Segment Start: Entries shown

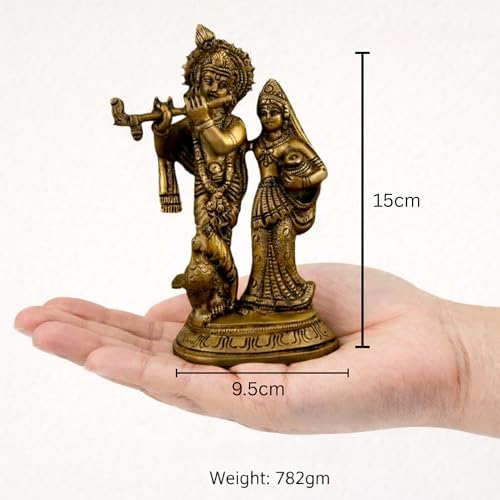 Image of 100% Pure Brass Radha Krishna Murti 15 cm | Radhe Krishna Statue for Pooja Room & Home Temple | Divine Couple Idol for Home Decor | Spiritual Gift Item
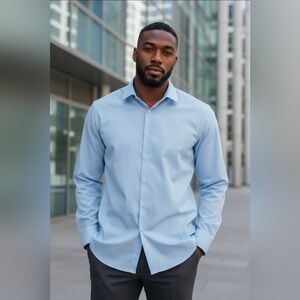 NWOT- George Men's Light Blue Classic Fit Long Sleeve Dress Shirt Size 3XL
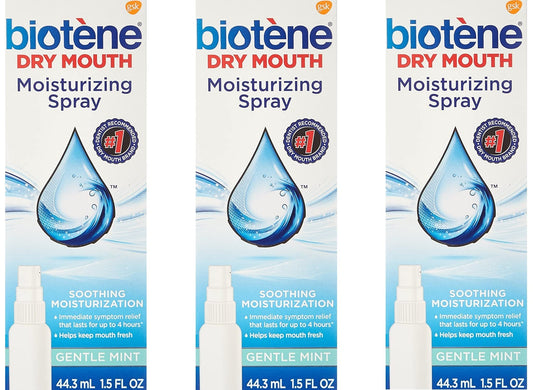 Biotene Gentle Mint Mouth Spray front view with pack of 3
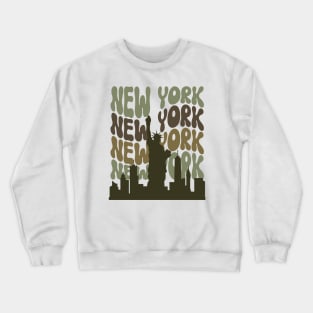 Retro New York Statue of Liberty Skyline Crewneck Sweatshirt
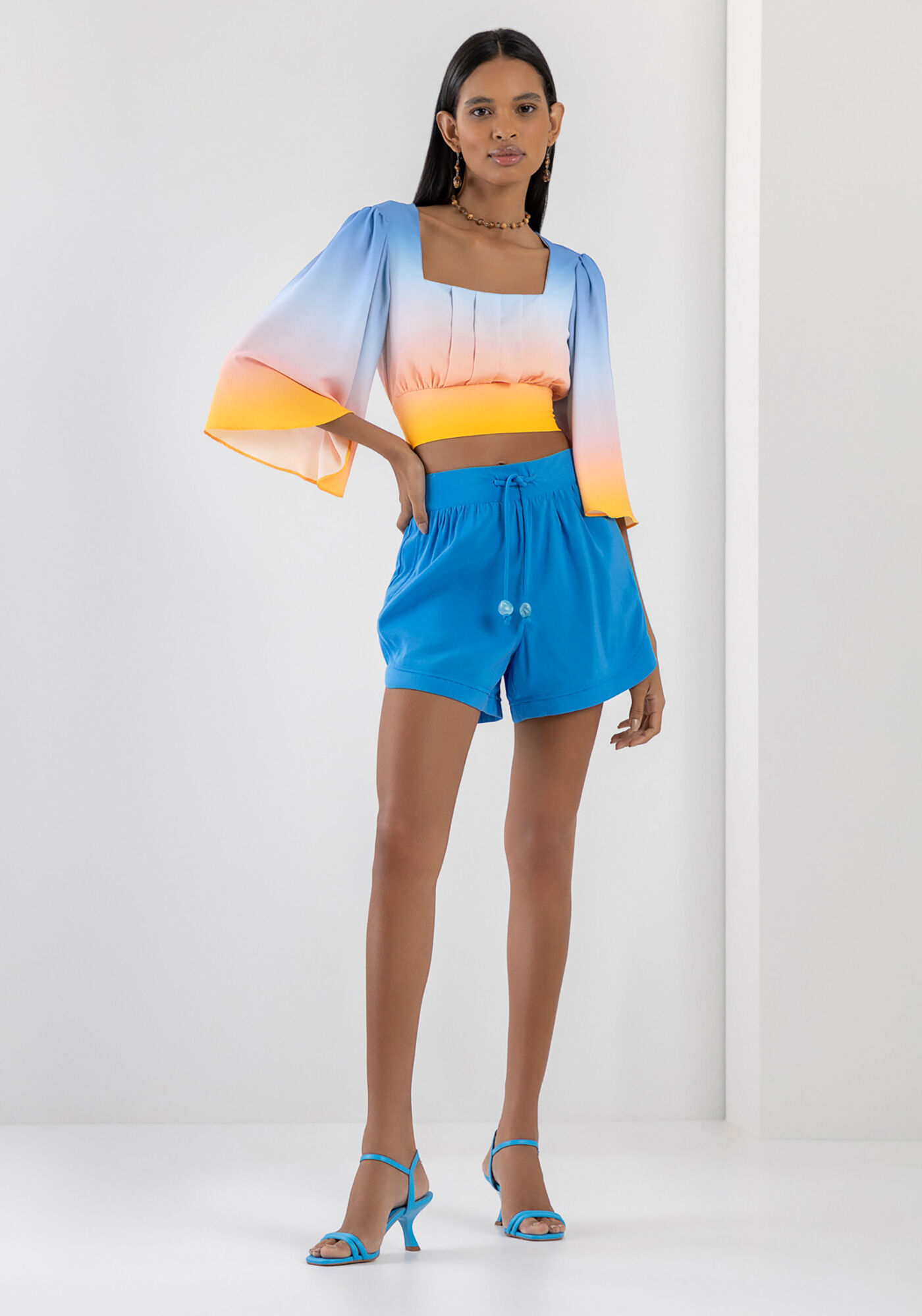 Blusa manga flare estampada sales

Segment End: Entries shown

## What is required:
Faithful copy, images left out: write out every line of data.

## Written reply:
 Image of 100% Pure Brass Radha Krishna Murti 15 cm | Radhe Krishna Statue for Pooja Room & Home Temple | Divine Couple Idol for Home Decor | Spiritual Gift Item
 NWOT- George Men's Light Blue Classic Fit Long Sleeve Dress Shirt Size 3XL
 Biotene Gentle Mint Mouth Spray front view with pack of 3
 Retro New York Statue of Liberty Skyline Crewneck Sweatshirt
 Blusa manga flare estampada sales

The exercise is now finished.